Yes. That is what he said, to a chorus of hopeful affirmation. Arlen Specter was openly -- in public, into a microphone -- crossing his fingers, and hoping for racism.
Saturday's rally for John McCain put into perspective the previous two days of Pennsylvania gatherings for his running mate, Sarah Palin. The Palin rallies had been mammoth affairs -- 13,000 people in Williamsport on Thursday night -- shot through with fear, rabid social conservatism and xenophobia. But in comparison to the McCain gathering, the Palin rallies were upbeat, you-go-girl parties, undergirded by adoration for a candidate who looks like the future of the Republican Party, at least to her devoted base, and at which the fervent faith of religious supporters offered a comforting cushion in the face of predicted defeat next week: It is, after all, in God's hands.
In Perkasie, neither the speakers nor the jeering crowd of about 4,500 were planning to go so gently into that good night. This was a high-test rally, a tougher, meaner event, at which all the pent-up fear about the upcoming election, and the fact that John McCain was not the future, but the imperfect past, of a party possibly in crisis, was getting its loud, often thuggish release.
Specter followed Pennsylvania Attorney General Tom Corbett, who had blustered about his hunting down of thousands of drug dealers and defrauders of senior citizens, as well as those people who would "go on the Internet and try to touch our children in a way that should never be allowed." It was the same kind of fear-mongering that the Republicans have been doing all over Pennsylvania in these last weeks, but on Saturday it felt more shameless, more swaggering, more exploitative of those Americans perceived as weak -- the old, the very young.
Though the Pennridge Airport hangar was filled with far more men than had assembled for Palin's estrogen-heavy rallies earlier in the week, there were women here too, including former Massachusetts Gov. Jane Swift, who joked that for too long she had been the "only lonely member of the pregnant governor's club," until Palin came along. Swift assured the crowd that they could enjoy a privilege she didn't have in Massachusetts: "You can be responsible for putting John McCain on top," she said.
The rally got its cocky swagger back with Hawaii Gov. Linda Lingle, who managed to work the crowd into an anti-Obama lather with her heavily emphasized assertion that "people are looking for a person they can trust to lead America. They want to elect a president who is proud of their nation." Everyone able to crack the code on what Linda Lingle is saying here? She then turned to an argument that has mostly been heard on the Democratic side of the political spectrum for many months, imagining what supporters would say to their children and grandchildren down the road, when the little whippersnappers ask them, "What did you do when you had a chance to make a difference? What role did you play in that crucial election?" Surely, Lingle concluded, they would want to be able to say that they "worked every hour in those last few days to do everything [they] could to make sure this election turns out the way we know it should for the people of America."

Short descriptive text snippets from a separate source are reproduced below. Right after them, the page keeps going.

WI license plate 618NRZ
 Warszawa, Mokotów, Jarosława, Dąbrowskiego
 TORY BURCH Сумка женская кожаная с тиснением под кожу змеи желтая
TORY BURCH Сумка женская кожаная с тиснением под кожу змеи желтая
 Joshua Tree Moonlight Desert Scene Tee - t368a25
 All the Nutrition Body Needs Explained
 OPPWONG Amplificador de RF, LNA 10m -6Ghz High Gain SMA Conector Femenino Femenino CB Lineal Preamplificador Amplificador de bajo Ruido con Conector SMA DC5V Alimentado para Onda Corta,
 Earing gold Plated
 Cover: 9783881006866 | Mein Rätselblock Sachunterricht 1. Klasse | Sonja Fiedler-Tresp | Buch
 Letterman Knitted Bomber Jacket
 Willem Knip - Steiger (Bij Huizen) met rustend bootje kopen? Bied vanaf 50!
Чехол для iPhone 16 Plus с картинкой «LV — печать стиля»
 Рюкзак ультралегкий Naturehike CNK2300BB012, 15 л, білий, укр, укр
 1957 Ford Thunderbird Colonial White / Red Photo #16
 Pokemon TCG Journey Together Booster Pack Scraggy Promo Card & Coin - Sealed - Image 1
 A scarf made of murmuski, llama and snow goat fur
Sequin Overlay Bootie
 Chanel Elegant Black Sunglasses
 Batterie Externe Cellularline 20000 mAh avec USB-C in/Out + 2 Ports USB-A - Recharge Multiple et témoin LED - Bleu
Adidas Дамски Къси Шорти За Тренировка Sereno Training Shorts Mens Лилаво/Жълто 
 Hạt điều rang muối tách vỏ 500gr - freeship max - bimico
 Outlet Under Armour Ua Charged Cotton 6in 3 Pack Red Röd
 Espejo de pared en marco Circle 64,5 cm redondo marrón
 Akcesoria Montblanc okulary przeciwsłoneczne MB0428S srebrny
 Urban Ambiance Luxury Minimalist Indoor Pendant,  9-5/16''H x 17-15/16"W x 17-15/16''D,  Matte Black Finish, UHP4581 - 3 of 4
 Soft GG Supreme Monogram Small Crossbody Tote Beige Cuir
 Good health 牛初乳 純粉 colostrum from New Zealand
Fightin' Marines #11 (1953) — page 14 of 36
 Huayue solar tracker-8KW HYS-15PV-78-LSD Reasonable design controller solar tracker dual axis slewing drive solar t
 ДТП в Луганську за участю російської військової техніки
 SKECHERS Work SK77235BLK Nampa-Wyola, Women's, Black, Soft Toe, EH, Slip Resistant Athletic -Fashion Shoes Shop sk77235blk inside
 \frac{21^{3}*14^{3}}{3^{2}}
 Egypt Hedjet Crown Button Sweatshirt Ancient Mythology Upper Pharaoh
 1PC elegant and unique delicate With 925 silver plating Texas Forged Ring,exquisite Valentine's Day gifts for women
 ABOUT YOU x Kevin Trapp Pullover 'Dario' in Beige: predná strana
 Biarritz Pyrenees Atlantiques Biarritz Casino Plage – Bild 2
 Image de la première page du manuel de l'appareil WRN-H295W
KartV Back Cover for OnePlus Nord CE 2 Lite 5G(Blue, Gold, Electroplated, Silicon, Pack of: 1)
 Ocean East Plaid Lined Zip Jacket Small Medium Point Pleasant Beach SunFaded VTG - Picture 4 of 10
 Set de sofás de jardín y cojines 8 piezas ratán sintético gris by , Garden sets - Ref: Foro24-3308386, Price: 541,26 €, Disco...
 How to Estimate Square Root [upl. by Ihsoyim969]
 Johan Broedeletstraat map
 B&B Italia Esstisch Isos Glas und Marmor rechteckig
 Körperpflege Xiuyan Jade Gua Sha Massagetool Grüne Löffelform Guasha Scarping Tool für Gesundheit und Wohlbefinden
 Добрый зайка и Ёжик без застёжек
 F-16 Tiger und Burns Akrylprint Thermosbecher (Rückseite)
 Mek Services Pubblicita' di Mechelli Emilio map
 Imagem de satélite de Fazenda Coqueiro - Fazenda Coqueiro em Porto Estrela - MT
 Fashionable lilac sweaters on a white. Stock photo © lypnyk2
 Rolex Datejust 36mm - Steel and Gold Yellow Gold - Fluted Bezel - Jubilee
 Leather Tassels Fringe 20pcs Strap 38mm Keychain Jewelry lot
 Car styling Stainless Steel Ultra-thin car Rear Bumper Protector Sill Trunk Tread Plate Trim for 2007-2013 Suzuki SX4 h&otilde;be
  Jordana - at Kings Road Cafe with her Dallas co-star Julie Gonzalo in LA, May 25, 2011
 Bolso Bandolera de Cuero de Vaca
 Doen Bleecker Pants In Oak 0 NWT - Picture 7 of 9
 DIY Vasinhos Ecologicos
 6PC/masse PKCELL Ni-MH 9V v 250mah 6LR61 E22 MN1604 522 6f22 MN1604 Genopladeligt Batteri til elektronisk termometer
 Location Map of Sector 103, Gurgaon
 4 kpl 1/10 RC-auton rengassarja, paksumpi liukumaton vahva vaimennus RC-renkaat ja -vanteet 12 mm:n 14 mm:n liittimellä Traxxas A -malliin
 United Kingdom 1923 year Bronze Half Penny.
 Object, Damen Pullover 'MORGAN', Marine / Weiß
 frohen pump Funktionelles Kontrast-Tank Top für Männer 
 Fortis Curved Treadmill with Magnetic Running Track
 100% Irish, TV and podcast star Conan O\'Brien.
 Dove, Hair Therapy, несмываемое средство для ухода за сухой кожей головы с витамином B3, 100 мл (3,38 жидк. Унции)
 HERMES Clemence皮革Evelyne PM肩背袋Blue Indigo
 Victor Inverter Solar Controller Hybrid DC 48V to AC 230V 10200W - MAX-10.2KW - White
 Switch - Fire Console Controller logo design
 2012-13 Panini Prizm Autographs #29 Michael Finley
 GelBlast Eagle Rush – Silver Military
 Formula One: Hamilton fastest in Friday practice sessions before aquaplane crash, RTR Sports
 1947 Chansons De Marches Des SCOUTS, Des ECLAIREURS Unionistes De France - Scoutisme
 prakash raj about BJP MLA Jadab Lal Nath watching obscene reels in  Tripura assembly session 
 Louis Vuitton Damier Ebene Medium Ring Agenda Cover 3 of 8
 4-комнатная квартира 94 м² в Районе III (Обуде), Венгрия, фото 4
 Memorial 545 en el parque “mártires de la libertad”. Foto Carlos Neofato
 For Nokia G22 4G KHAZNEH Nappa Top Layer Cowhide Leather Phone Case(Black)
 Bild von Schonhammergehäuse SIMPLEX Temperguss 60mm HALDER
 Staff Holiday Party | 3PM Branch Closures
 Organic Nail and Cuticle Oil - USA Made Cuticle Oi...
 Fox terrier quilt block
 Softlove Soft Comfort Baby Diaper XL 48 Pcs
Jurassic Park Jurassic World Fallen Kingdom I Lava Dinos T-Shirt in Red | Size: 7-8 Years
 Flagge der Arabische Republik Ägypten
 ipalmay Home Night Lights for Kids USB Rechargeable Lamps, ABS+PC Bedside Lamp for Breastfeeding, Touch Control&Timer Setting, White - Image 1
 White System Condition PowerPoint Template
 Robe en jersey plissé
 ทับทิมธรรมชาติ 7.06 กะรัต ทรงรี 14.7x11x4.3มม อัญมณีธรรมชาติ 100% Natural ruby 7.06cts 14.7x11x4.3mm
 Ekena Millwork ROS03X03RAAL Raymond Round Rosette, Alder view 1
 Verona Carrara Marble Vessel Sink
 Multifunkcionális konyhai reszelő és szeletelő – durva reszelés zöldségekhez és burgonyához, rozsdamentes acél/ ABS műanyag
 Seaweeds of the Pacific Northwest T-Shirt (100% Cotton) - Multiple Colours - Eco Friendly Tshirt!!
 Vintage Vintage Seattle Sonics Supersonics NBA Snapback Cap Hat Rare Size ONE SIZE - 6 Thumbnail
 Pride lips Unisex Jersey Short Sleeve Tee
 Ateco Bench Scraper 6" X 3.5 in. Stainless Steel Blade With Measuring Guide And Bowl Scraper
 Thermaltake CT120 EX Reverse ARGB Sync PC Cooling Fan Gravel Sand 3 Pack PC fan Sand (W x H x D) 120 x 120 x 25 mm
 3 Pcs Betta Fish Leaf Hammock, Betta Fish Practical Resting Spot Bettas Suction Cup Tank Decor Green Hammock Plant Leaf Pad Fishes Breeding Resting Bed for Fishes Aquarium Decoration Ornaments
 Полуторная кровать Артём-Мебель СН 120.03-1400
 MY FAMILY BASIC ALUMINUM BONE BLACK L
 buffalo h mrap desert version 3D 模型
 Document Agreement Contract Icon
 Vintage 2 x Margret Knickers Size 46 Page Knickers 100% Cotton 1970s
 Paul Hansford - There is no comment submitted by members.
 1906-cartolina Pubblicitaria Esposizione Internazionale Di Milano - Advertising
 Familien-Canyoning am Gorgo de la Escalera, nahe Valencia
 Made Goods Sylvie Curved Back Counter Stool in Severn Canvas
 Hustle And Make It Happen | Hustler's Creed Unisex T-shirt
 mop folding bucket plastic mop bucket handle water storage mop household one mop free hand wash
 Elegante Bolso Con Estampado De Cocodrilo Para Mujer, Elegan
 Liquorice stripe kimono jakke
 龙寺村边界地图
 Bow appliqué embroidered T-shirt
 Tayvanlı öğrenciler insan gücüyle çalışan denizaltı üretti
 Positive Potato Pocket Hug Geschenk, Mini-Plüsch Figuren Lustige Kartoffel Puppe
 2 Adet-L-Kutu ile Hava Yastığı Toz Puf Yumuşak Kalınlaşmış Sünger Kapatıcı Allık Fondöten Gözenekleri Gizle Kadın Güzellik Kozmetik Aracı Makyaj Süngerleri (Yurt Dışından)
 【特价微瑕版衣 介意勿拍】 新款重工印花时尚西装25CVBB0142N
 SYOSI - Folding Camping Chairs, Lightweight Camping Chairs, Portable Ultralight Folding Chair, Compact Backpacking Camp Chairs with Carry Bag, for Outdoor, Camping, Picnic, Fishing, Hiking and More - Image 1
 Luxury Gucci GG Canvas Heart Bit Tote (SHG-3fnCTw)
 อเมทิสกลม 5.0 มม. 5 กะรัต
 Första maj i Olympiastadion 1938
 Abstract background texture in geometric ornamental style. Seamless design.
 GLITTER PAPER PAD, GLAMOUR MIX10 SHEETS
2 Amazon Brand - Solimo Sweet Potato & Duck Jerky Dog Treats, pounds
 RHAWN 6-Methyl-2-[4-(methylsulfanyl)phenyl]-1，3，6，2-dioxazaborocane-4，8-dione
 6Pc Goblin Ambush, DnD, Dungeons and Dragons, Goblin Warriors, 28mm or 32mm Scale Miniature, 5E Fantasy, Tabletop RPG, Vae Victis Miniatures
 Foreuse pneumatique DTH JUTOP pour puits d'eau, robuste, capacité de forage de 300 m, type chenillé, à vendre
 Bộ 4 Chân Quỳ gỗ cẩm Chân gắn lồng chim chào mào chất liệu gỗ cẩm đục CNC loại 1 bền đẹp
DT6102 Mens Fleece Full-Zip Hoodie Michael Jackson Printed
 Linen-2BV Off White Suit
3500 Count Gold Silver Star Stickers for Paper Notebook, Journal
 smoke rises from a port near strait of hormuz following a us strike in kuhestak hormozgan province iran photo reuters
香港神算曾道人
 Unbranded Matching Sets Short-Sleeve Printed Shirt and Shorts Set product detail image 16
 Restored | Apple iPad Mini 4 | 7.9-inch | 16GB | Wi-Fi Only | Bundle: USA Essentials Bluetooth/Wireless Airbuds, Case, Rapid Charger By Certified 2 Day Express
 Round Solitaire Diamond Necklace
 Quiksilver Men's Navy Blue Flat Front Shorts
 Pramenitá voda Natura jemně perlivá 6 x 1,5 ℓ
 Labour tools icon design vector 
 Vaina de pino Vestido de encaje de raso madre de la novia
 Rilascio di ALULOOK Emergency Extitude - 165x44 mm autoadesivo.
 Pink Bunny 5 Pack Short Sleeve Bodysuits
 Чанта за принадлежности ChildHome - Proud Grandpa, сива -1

Introduced by Cindy McCain (the McCains' daughter Meghan was also onstage), South Carolina Sen. Lindsey Graham played to the crowd of firearms enthusiasts, "The deer are glad you're here!" (Har! Dead deer!) Graham also had great fun at the expense of "the most liberal senator in the United States Senate," giving someone in the crowd the chance to yell, "He's more liberal than the socialists!" Graham then poked at "Joe the Biden," whom he called "the gift that keeps on giving."
By the time McCain began speaking, the crowd was good and riled, booing every time Obama's name was mentioned, and letting out random cries of "Obama sucks" and "He's a socialist!"
McCain worked them up further, talking about how the Illinois senator has recently said that this election has "vindicated his faith in America."
"I haven't been vindicated by anything," said McCain. Instead, he said, "I've been humbled and honored," by his campaign for president. McCain then began unloading on Obama, speculating that his plans to "spread the wealth" mirror foreign socialism, and that "the liberal left wants to try it here." Obama, said McCain, is "running to be redistributionist in chief," he's "running to punish the successful." By the time McCain got to the part about how the Obama campaign's "definition of rich has a way of creeping down," the crowd was thunderous in its booing and stomping and thundersticking.
Citing Obama's "massive new tax increase," and mentioning "higher taxes" as many times as his 20 minutes onstage allowed, McCain went even further, also reminding his admirers that "this is a dangerous year," and compared Obama, as others have, to John F. Kennedy, noting here that he had lived through the Cuban missile crisis, and didn't care to repeat it. "I know how close we came to nuclear war," leered McCain.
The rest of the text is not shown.